**Task prompt:** The result should be an exact copy of the entries below, free of pictures.

**Records provided:**
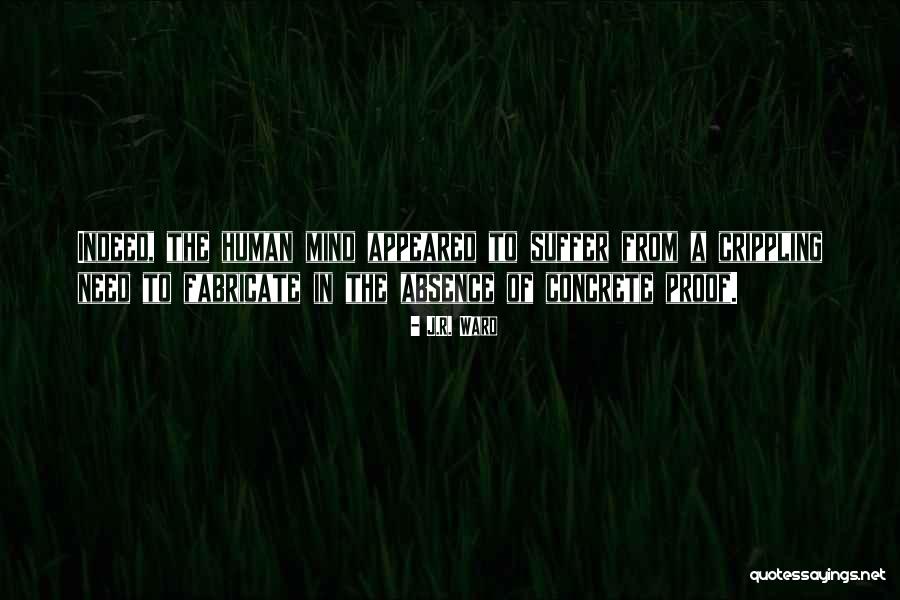 Ohrstrom New York Quotes By J.R. Ward Ohrstrom New York Quotes By J.R. Ward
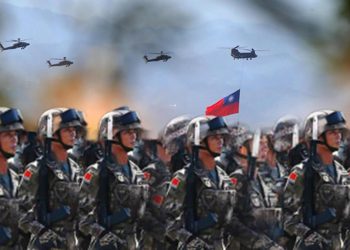 NATO tepesinde birinci sefer lisana getirildi… ‘Çin, dünya nizamı için tehdittir!’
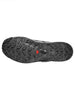 Salomon XA Pro 3D V9 GTX Black/Dark Gull Gray/Acid Lime Shoes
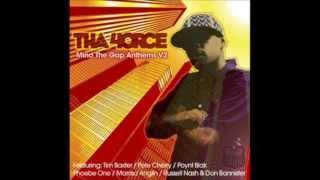 Tha 4orce with Marrisa Anglin - Neva Shoulda [Produced By Tha 4orce] - 2007 BBE Records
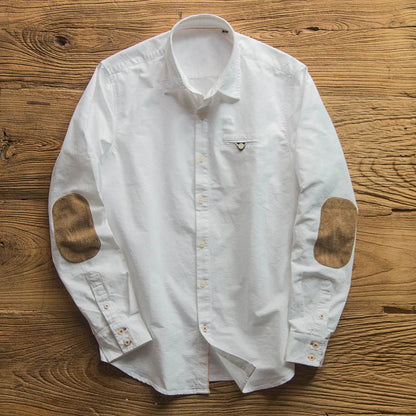 Tough Threads Button Up Shirt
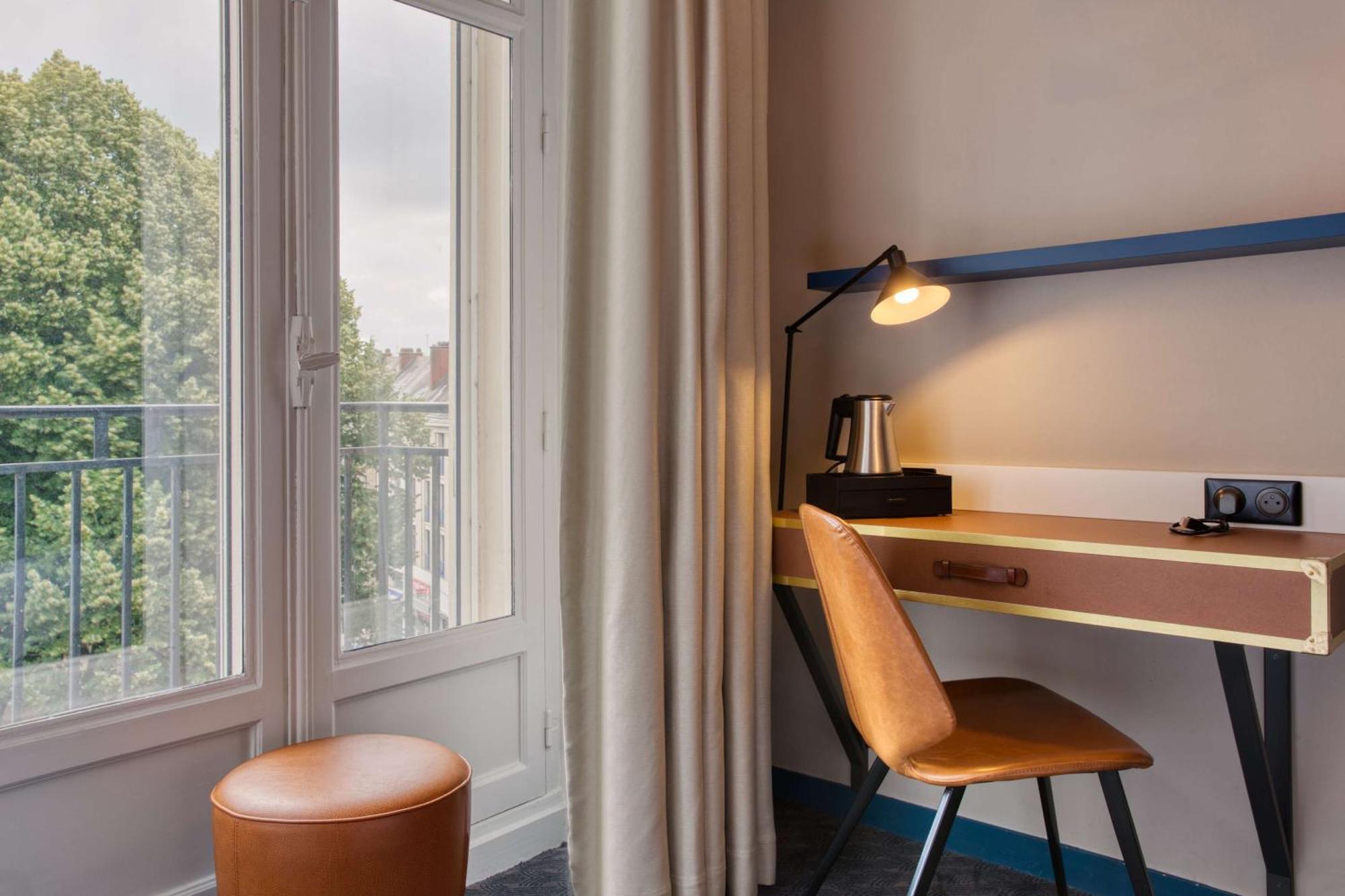 Comfort Queen Room Air Condition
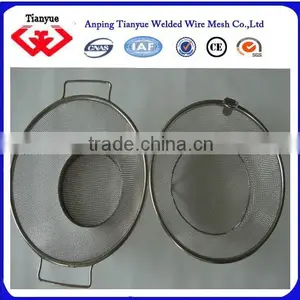 Wire Mesh Basket Professional Factory thumbnail-2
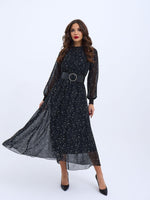 4543 KLEID-SIKAGO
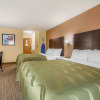Отель Quality Inn & Suites Brandenburg - Fort Knox, фото 5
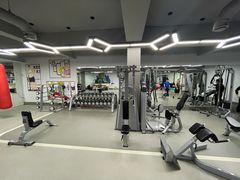 -VS私人健身工作室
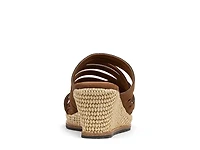 Gallore Wedge Sandal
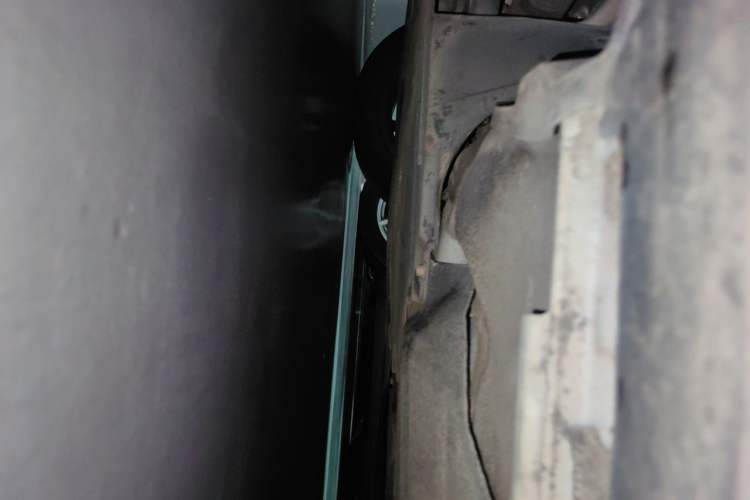 Used Honda Civic 2021 HATCHBACK 220TURBO CVT New Trendsetter Chassis Front Left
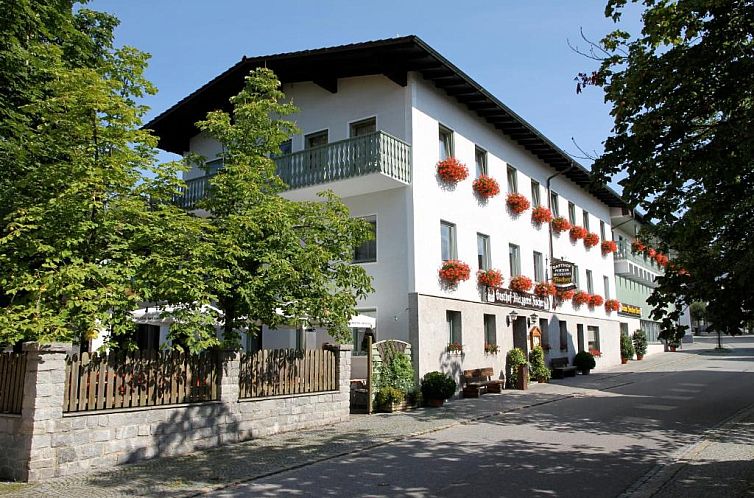 Guest house 70303301 - Holiday property Bavaria - Landgasthof Fischer Veri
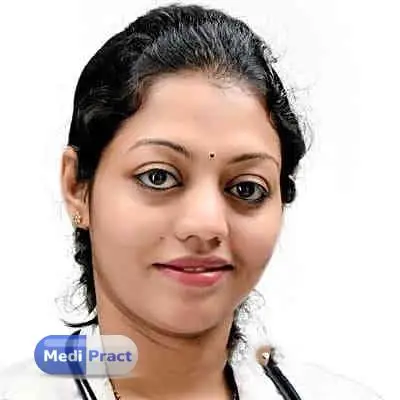 Dr. Nagaveni.R Profile Picture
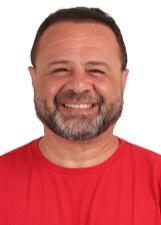 Foto oficial de Leleco Pimentel no TSE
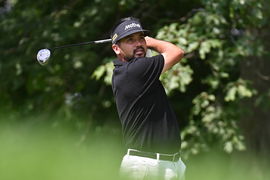 PGA 2025: Travelers Championship JUN 20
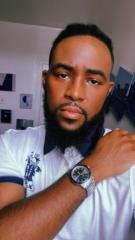 Hamaad Briggs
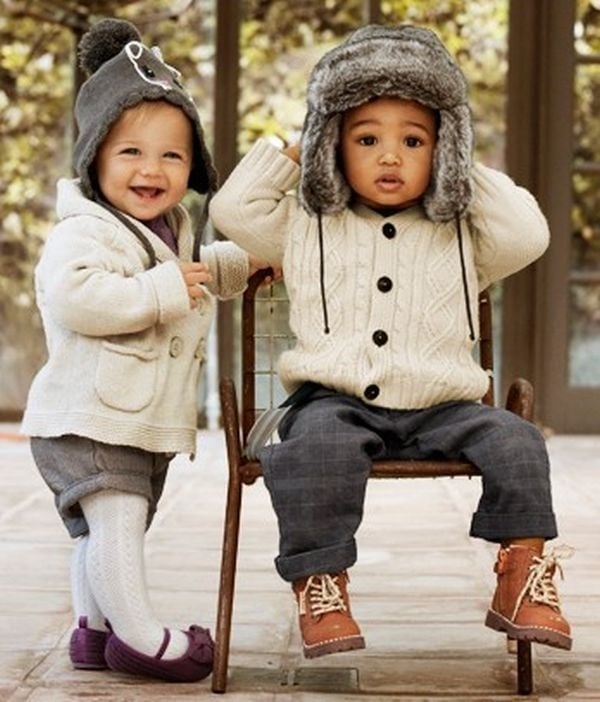 Fashionable Kids StyleMotivation (24)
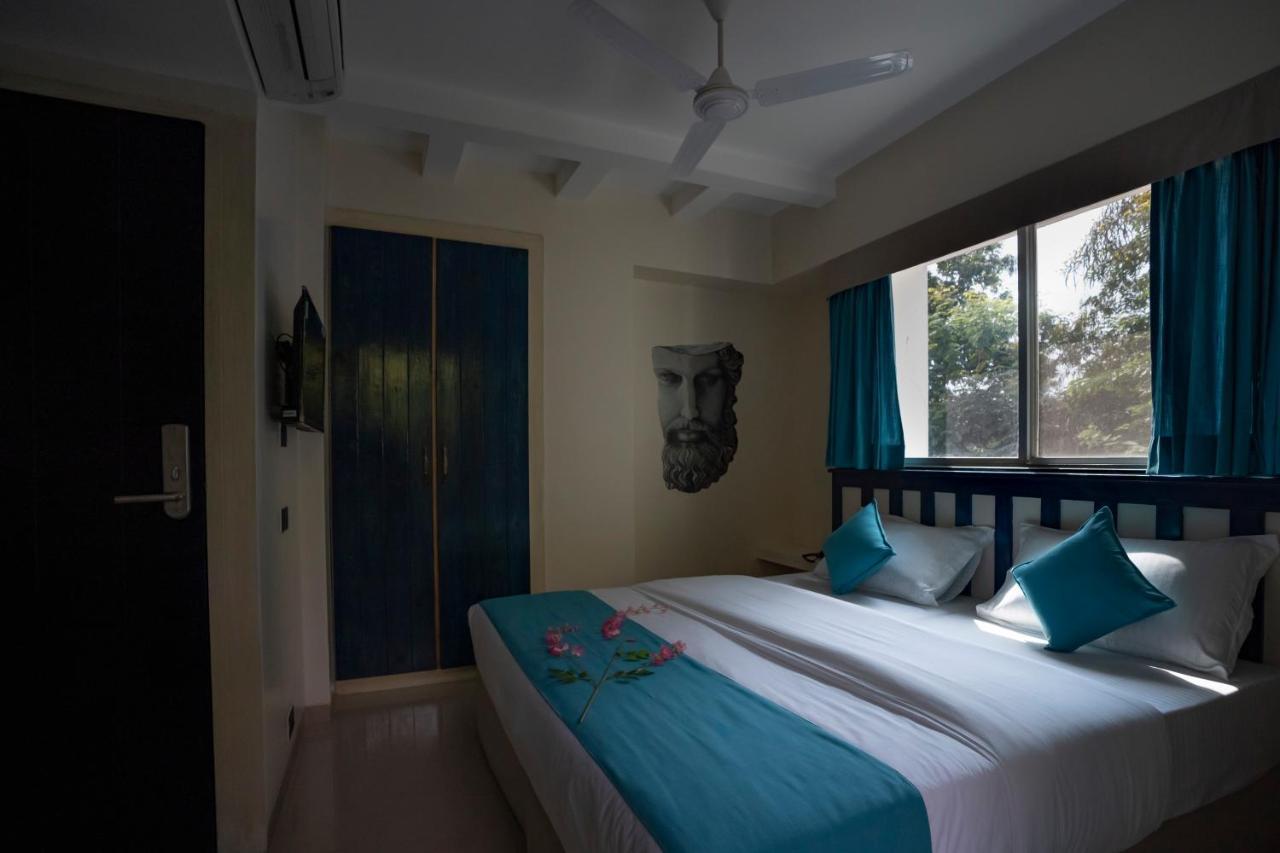 Ra Residence - Agarwal Group Of Hotels 浦那 外观 照片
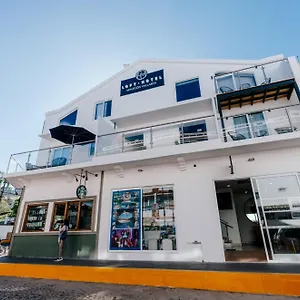 Hotel Loft Malecón Vallarta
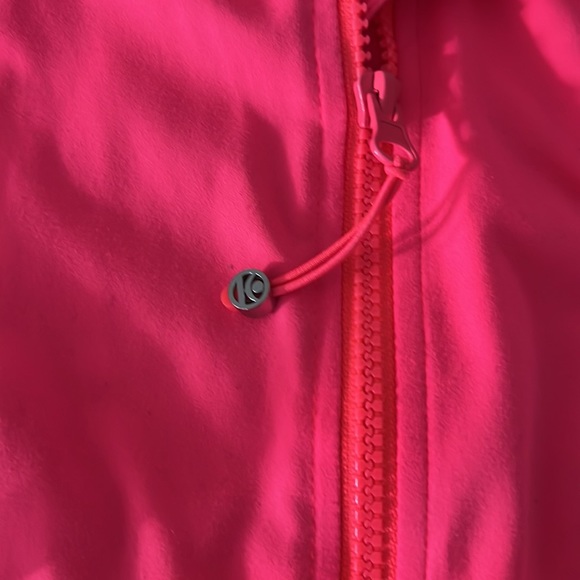 (KIRKLAND Signature) Ladies work out jacket size L - Picture 11 of 16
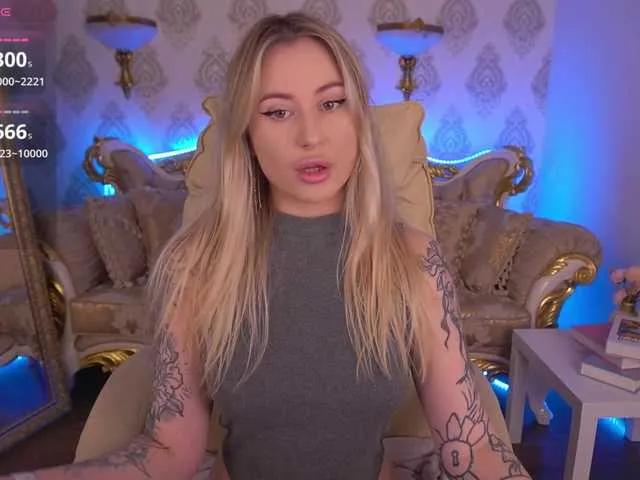 ArolinaNight on BongaCams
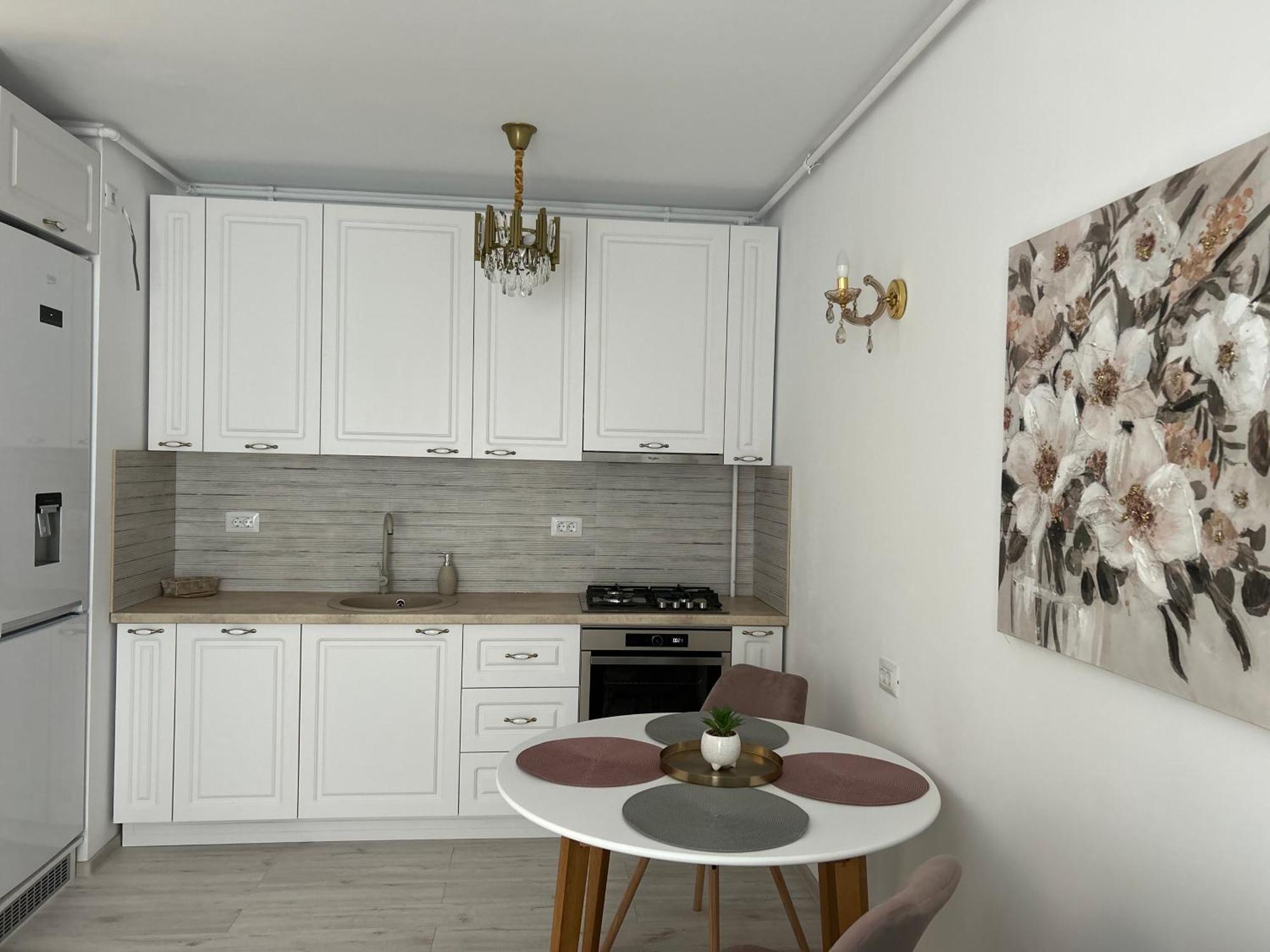 Studio Floreasca Residence Bukarest Kültér fotó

**Output for this exercise:**
 Ohrstrom New York Quotes By J.R. Ward Ohrstrom New York Quotes By J.R. Ward
 NATO tepesinde birinci sefer lisana getirildi… ‘Çin, dünya nizamı için tehdittir!’
 Salomon XA Pro 3D V9 GTX Black/Dark Gull Gray/Acid Lime Shoes
 Tha 4orce with Marrisa Anglin - Neva Shoulda [Produced By Tha 4orce] - 2007 BBE Records
 Tough Threads Button Up Shirt
 Comfort Queen Room Air Condition
 Wire Mesh Basket Professional Factory thumbnail-2
 4543 KLEID-SIKAGO
Отель Quality Inn & Suites Brandenburg - Fort Knox, фото 5
 -VS私人健身工作室
 Gallore Wedge Sandal
 Used Honda Civic 2021 HATCHBACK 220TURBO CVT New Trendsetter Chassis Front Left
 Guest house 70303301 - Holiday property Bavaria - Landgasthof Fischer Veri
 Dr. Nagaveni.R Profile Picture
 Foto oficial de Leleco Pimentel no TSE
 PGA 2025: Travelers Championship JUN 20
 Hamaad Briggs
 Fashionable Kids StyleMotivation (24)
 Ra Residence - Agarwal Group Of Hotels 浦那 外观 照片
 Hotel Loft Malecón Vallarta
 (KIRKLAND Signature) Ladies work out jacket size L - Picture 11 of 16
 ArolinaNight on BongaCams
 Studio Floreasca Residence Bukarest Kültér fotó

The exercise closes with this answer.